# What you have to do
Only the pictures should be dropped; every line of the data must come back exactly as written.

# The records

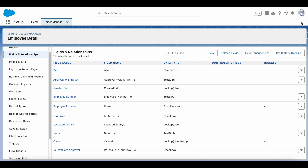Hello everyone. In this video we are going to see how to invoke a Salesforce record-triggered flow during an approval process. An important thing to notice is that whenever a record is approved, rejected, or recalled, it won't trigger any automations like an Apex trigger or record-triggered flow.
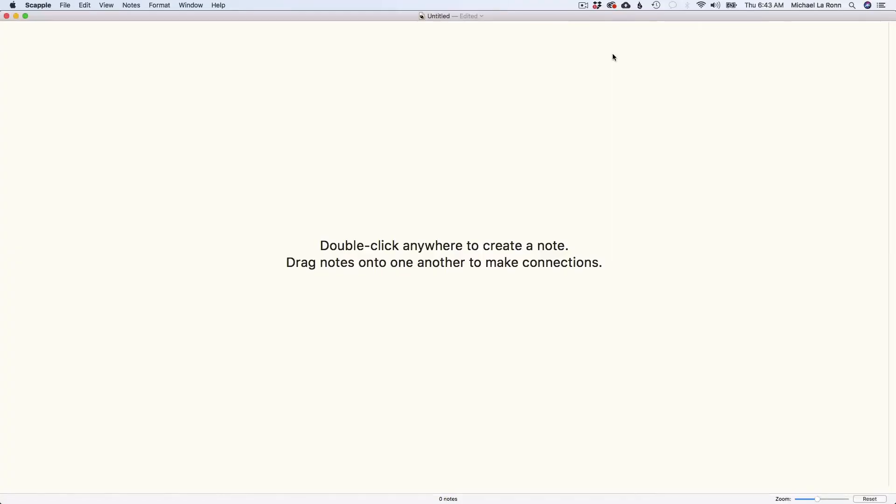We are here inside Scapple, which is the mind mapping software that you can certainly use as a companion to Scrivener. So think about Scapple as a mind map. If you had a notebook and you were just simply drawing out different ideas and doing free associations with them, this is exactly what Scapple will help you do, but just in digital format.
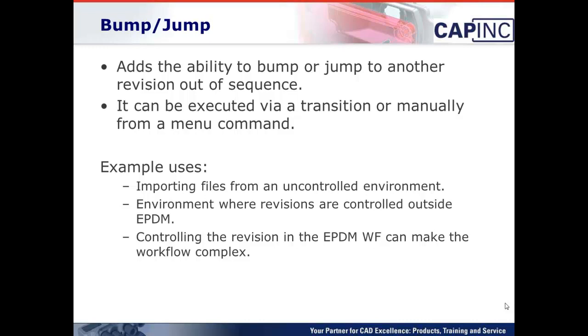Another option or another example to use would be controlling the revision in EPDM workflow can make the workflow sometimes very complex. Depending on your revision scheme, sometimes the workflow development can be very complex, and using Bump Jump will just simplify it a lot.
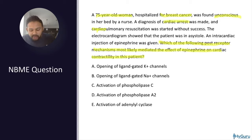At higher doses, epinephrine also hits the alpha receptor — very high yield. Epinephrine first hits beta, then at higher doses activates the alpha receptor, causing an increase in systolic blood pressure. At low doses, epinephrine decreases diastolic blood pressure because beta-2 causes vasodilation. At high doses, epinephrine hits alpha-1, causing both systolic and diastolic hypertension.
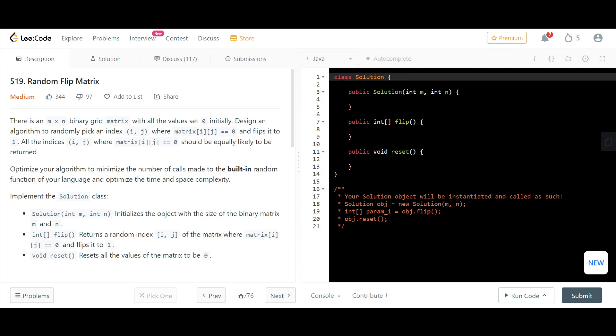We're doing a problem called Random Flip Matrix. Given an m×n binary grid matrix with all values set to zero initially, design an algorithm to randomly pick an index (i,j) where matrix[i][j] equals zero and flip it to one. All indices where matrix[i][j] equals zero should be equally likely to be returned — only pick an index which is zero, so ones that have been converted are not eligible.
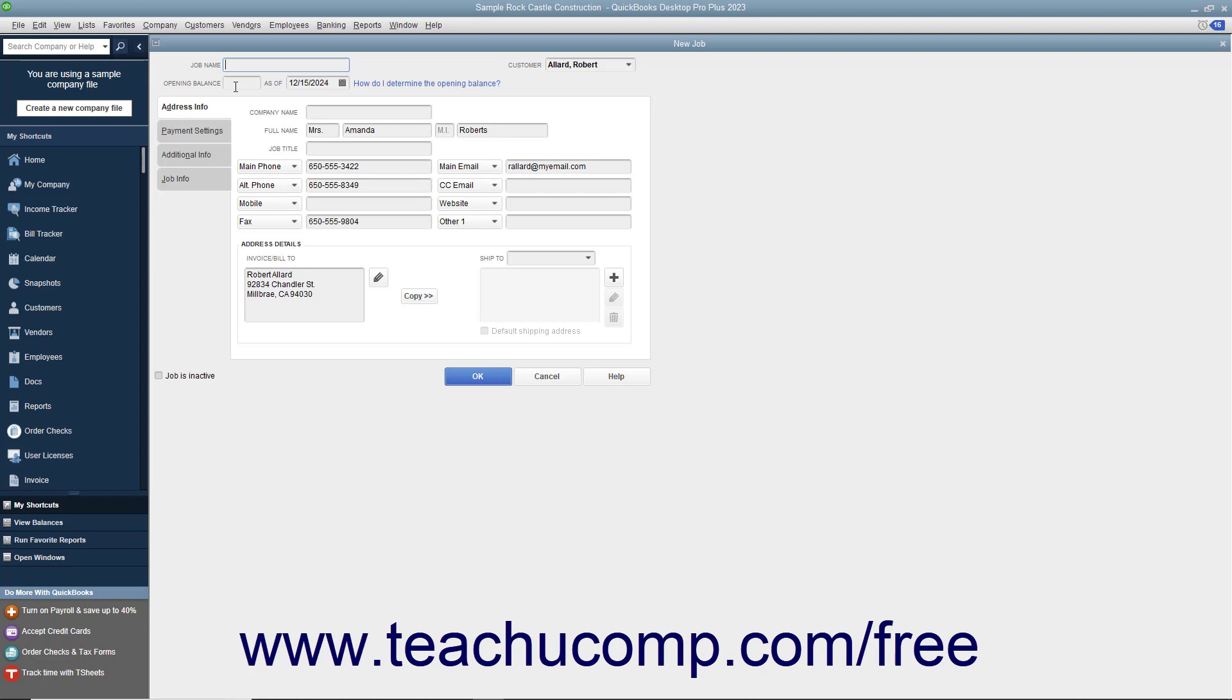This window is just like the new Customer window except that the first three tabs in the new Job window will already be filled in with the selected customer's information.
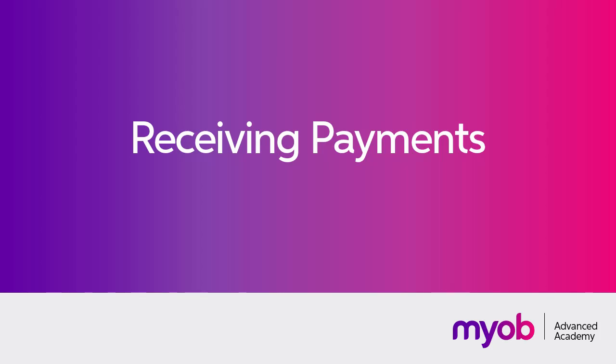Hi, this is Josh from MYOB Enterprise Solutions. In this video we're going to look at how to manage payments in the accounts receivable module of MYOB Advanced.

# Solution
Hello everyone. In this video we are going to see how to invoke a Salesforce record-triggered flow during an approval process. An important thing to notice is that whenever a record is approved, rejected, or recalled, it won't trigger any automations like an Apex trigger or record-triggered flow.
We are here inside Scapple, which is the mind mapping software that you can certainly use as a companion to Scrivener. So think about Scapple as a mind map. If you had a notebook and you were just simply drawing out different ideas and doing free associations with them, this is exactly what Scapple will help you do, but just in digital format.
Another option or another example to use would be controlling the revision in EPDM workflow can make the workflow sometimes very complex. Depending on your revision scheme, sometimes the workflow development can be very complex, and using Bump Jump will just simplify it a lot.
At higher doses, epinephrine also hits the alpha receptor — very high yield. Epinephrine first hits beta, then at higher doses activates the alpha receptor, causing an increase in systolic blood pressure. At low doses, epinephrine decreases diastolic blood pressure because beta-2 causes vasodilation. At high doses, epinephrine hits alpha-1, causing both systolic and diastolic hypertension.
We're doing a problem called Random Flip Matrix. Given an m×n binary grid matrix with all values set to zero initially, design an algorithm to randomly pick an index (i,j) where matrix[i][j] equals zero and flip it to one. All indices where matrix[i][j] equals zero should be equally likely to be returned — only pick an index which is zero, so ones that have been converted are not eligible.
This window is just like the new Customer window except that the first three tabs in the new Job window will already be filled in with the selected customer's information.
Hi, this is Josh from MYOB Enterprise Solutions. In this video we're going to look at how to manage payments in the accounts receivable module of MYOB Advanced.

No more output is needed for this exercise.